The diagnosis is relevant because it places the problem beyond the commercial noise surrounding AI security. It’s not simply about adding another tool to the SOC or blocking ChatGPT use within the company. The attack surface is shifting toward generative applications connected to internal data, agents capable of taking actions, digital meetings where voice or images can no longer always be trusted, and development pipelines increasingly dependent on external components.

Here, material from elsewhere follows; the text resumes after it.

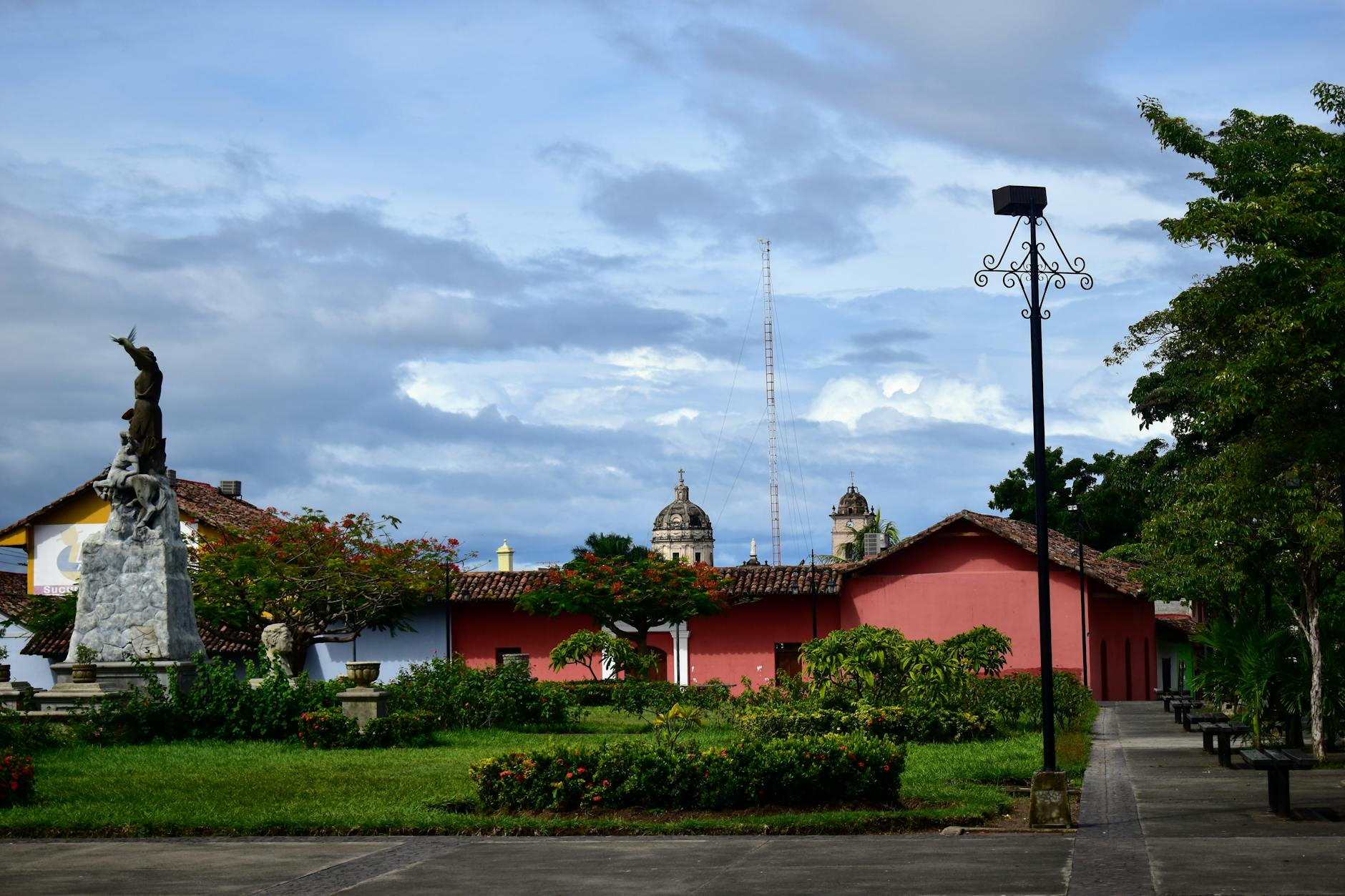 Calle empedrada con casas coloniales en el pueblo de Copán Ruinas, Honduras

John Watts, Gartner’s Vice President Analyst, summarizes this with a clear warning: security initiatives launched by frontier AI companies are creating a lot of noise in an already saturated environment. For CISOs, the challenge is to find the real signal amid that noise and react to changing threat landscapes before attackers gain the advantage.

Enterprise AI is no longer an isolated experiment

The first threat identified by Gartner is the compromise of AI applications. Many companies have rapidly progressed from testing generative assistants to deploying internal tools, copilots, corporate chatbots, and agents connected to real systems. This acceleration offers clear benefits but also opens new doors.

An enterprise AI application may have access to confidential documents, support tickets, CRM data, databases, code repositories, calendars, automation platforms, or HR tools. If permissions, connectors, identities, and data flows are not properly managed, the model stops being an innocuous interface and becomes a new layer of risk.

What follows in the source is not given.